Becoming a DevOps engineer or joining a DevOps team is an excellent opportunity to expand your IT skills because the DevOps job description essentially includes the overseeing of both operations.

By: Sam Guckenheimer

DevOps is the union of people, process, and products to enable continuous delivery of value to our end users. The contraction of “Dev” and “Ops” refers to replacing siloed Development and Operations to create multidisciplinary teams that now work together with shared and efficient practices and tools. Essential DevOps practices include agile planning, continuous integration, continuous delivery, and monitoring of applications.

Getting to DevOps

Be not afraid of DevOps. Some teams are born to DevOps; some achieve DevOps; others have DevOps thrust upon them.3 What is DevOps? Why does DevOps matter? Why now? How do you achieve DevOps successfully? Those are the topics we’d like to look at.

Understand your Cycle Time

Let’s start with a basic assumption about software development. We’ll describe it with the OODA loop.4 Originally designed to keep fighter pilots from being shot out of the sky, the OODA loop is a good way to think about staying ahead of your competitors. You start with observation of business, market, needs, current user behavior, and available telemetry data. Then you orient with the enumeration of options for what you can deliver, perhaps with experiments. Next you decide what to pursue, and you act by delivering working software to real users. All of this occurs in some cycle time.

Become Data-Informed

Hopefully, you use data to inform what to do in your next cycle. Many experience reports tell us that roughly one-third of the deployments will have negative business results, roughly one third will have positive results, and one third will make no difference. Ideally, you would like to fail fast on those that don’t advance the business and double down on those that support the business. Sometimes this is called pivot or persevere.

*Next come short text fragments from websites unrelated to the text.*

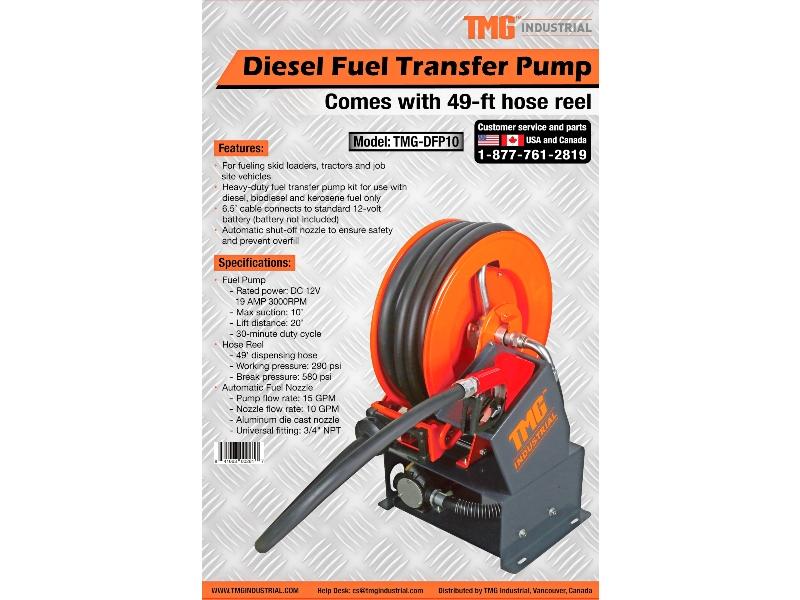 New TMG-DFP10 Fuel Pump with Hose Reel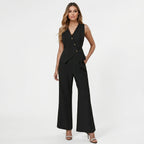 Black sleeveless vest and wide-leg trouser set with V-neck and button front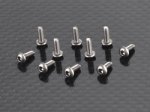 Button head Machine screw 2x6mm (TPM) Titanium 1.5 Hex.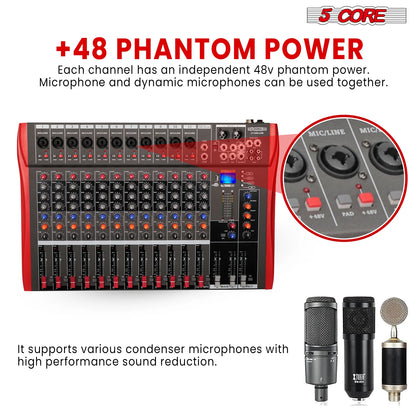 5 Core Audio Mixer 12 Channel DJ Equipment with Bluetooth USB Sound Board Console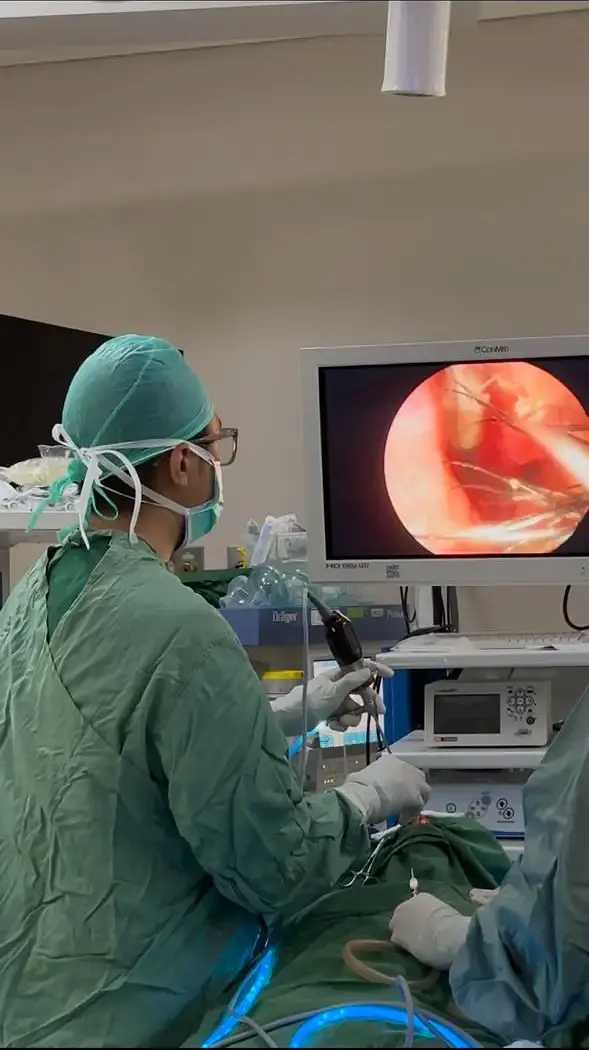Tindakan bedah endoskopi sinus dengan panduan monitor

Strive for Validated Learning

How quickly you can fail fast or double down is determined by how long that loop takes, or in lean terms, by your cycle time. Your cycle time determines how quickly you can gather feedback to determine what happens in the next loop. The feedback that you gather with each cycle should be real, actionable data. This is called validated learning.

Shorten Your Cycle Time

When you adopt DevOps practices, you shorten your cycle time by working in smaller batches, using more automation, hardening your release pipeline, improving your telemetry, and deploying more frequently.6

Optimize Validated Learning

The more frequently you deploy, the more you can experiment, the more opportunity you have to pivot or persevere, and to gain validated learning each cycle. This acceleration in validated learning is the value of improvement. Think of it as the sum of improvements that you achieve and the failures that you avoid.

How to Achieve DevOps

Remember, the goal is to shorten cycle time. Start with the release pipeline. How long does it take you to deploy a change of one line of code or configuration? Ultimately, that’s the brake on your velocity.

  1. Continuous Integration drives the ongoing merging and testing of code, which leads to finding defects early. Other benefits include less time wasted on fighting merge issues and rapid feedback for development teams.

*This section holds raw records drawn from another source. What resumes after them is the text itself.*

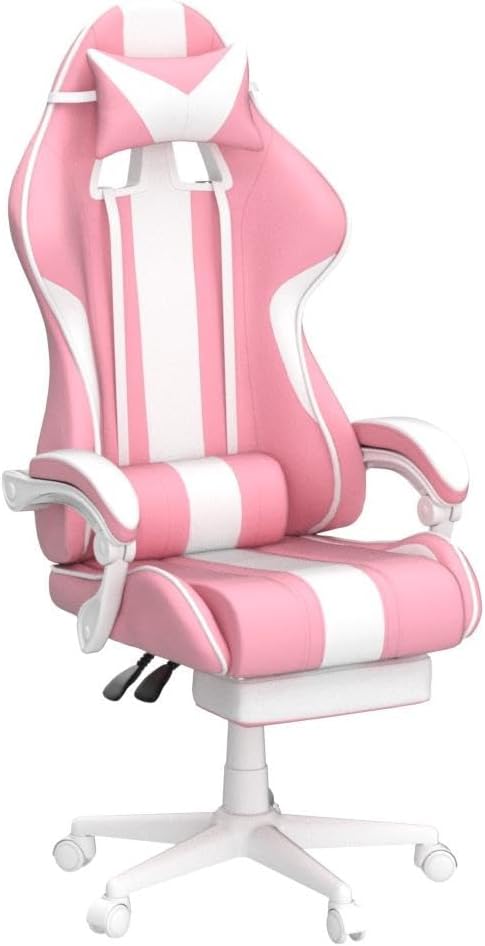 Ferghana Kawaii Pink Gaming Chair with Bunny Ears, Ergonomic Cute Gamer Chair with Footrest and Massage, Racing Reclining Leather Office Computer Game Chair 250lbs for Girls Adults Teens Kids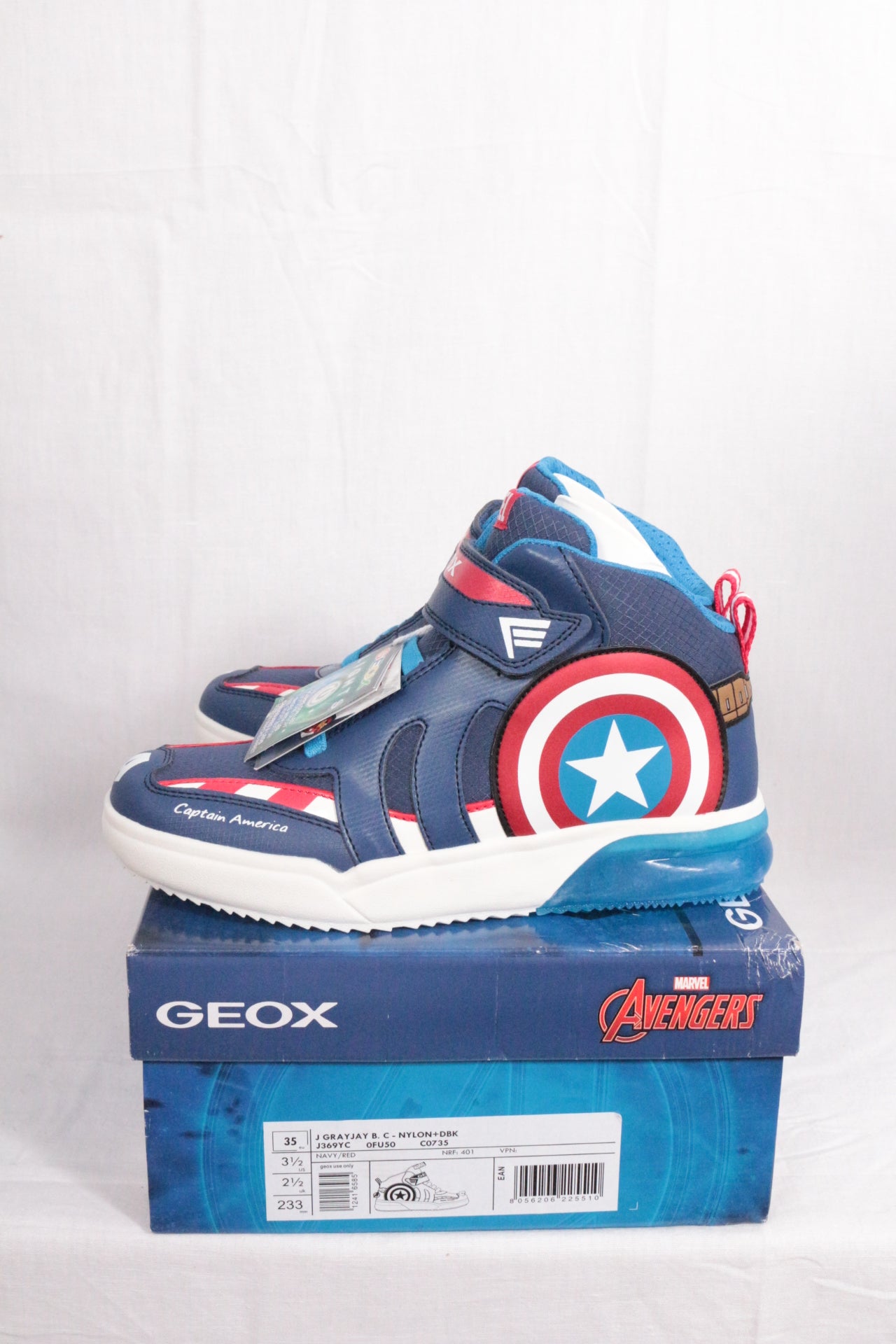 Geox – Sneakers alte J grayjay boy - marvel avengers - captain america – Ecopelle – Blu, rosso 9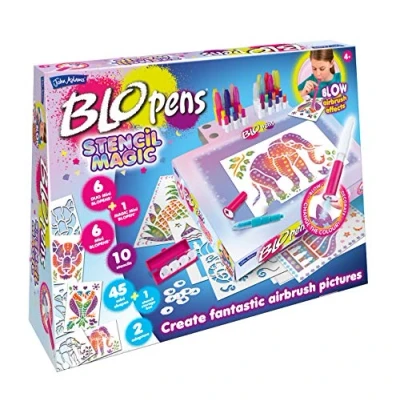 Image of John Adams BLOPENS Stencil Magic: Create fantastic airbrush pictures Arts &amp; crafts Ages 4+, Red
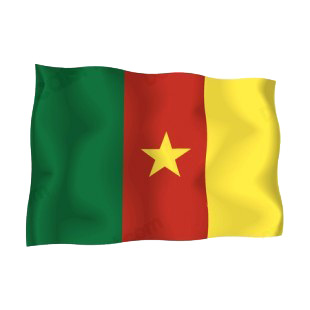 Cameroon waving flag listed in flags decals.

  2. Continuous Delivery of software solutions to production and testing environments helps organizations quickly fix bugs and respond to ever-changing business requirements.

  3. Version Control, Usually With Git, enables teams located anywhere in the world to communicate effectively during daily development activities as well as to integrate with software development tools for monitoring activities such as deployments.

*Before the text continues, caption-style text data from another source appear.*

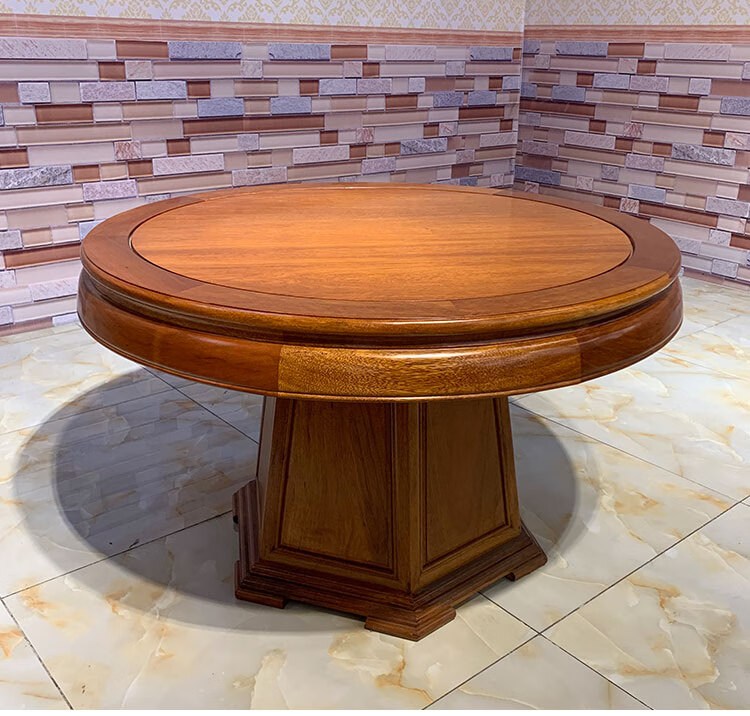 菠萝格餐桌 实木餐桌椅组合新中式圆型圆桌菠萝格木饭桌原木 红色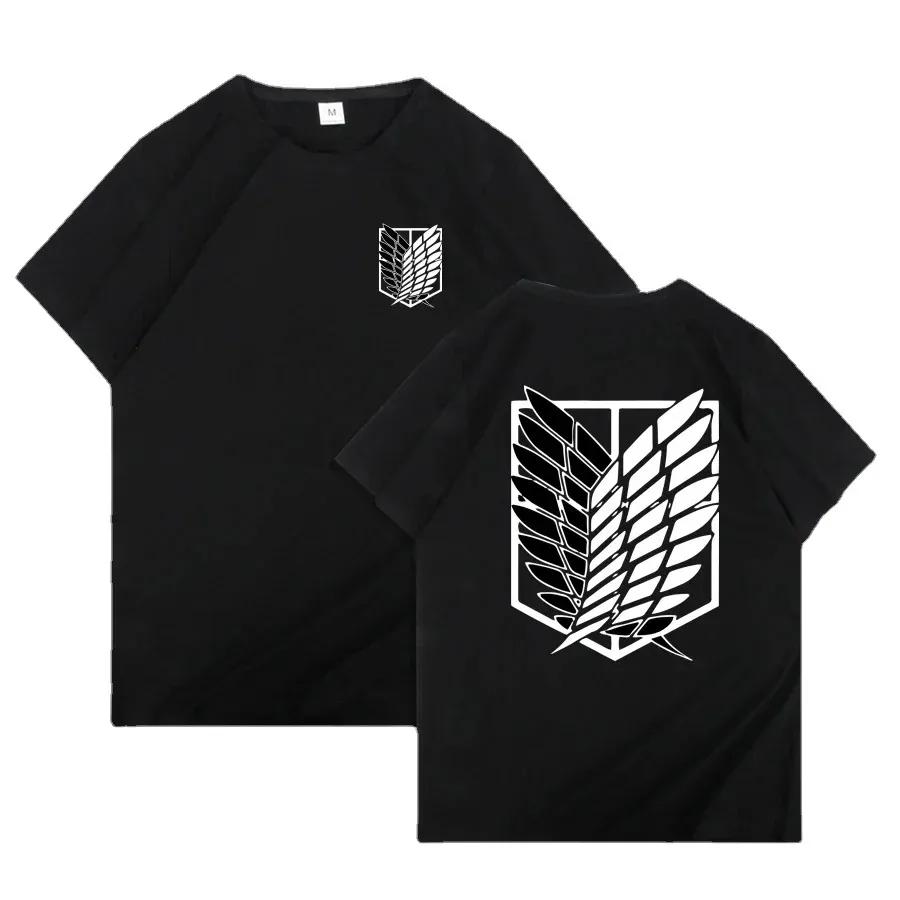 Comfortable season Japans Anime T-shirt Heren Attack on Titan T-shirt Unisex Kawaii Cartoon Titans Aanval Grafische T-shirts Mannelijk Harajuku Zomer Tops L beige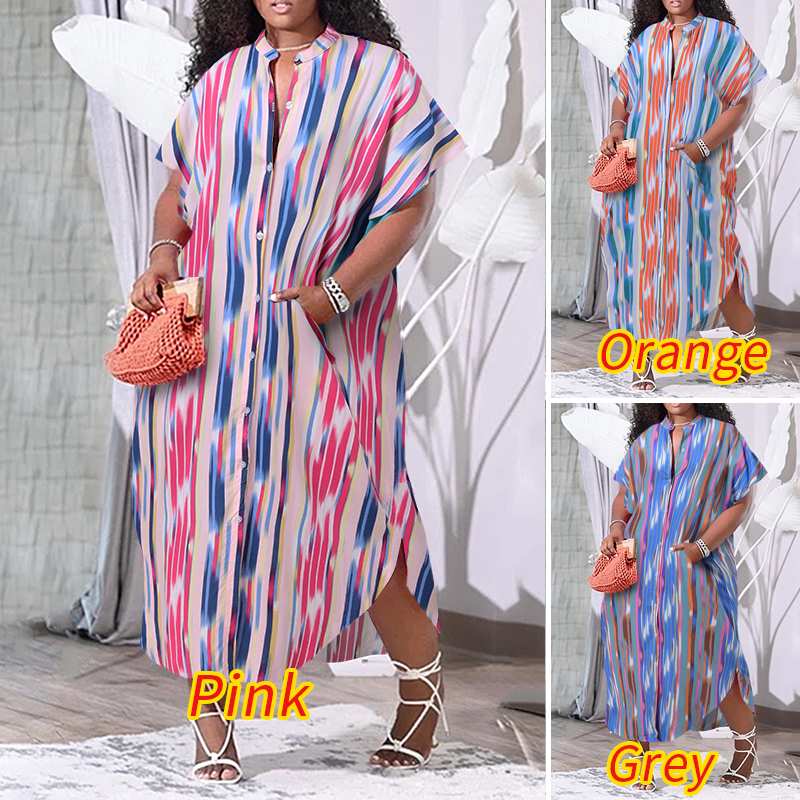 Women's  Oversize Maxi Casual Dress Printed, Pleated, Shorts Sleeve, and O- Neck  style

  4. Agile planning and lean project management techniques are used to plan and isolate work into sprints, manage team capacity, and help teams quickly adapt to changing business needs. A DevOps Definition of Done is working software collecting telemetry against the intended business objectives.

  5. Monitoring and Logging of running applications including production environments for application health as well as customer usage, helps organizations form a hypothesis and quickly validate or disprove strategies. Rich data is captured and stored in various logging formats.

  6. Public and Hybrid Clouds have made the impossible easy. The cloud has removed traditional bottlenecks and helped commoditize infrastructure. Whether you use Infrastructure as a Service (IaaS) to lift and shift your existing apps, or Platform as a Service (PaaS) to gain unprecedented productivity, the cloud gives you a datacenter without limits.

  7. Infrastructure as Code (IaC) is a practice which enables the automation and validation of creation and teardown of environments to help with delivering secure and stable application hosting platforms.

  8. Microservices architecture is leveraged to isolate business use cases into small reusable services that communicate via interface contracts. This architecture enables scalability and efficiency.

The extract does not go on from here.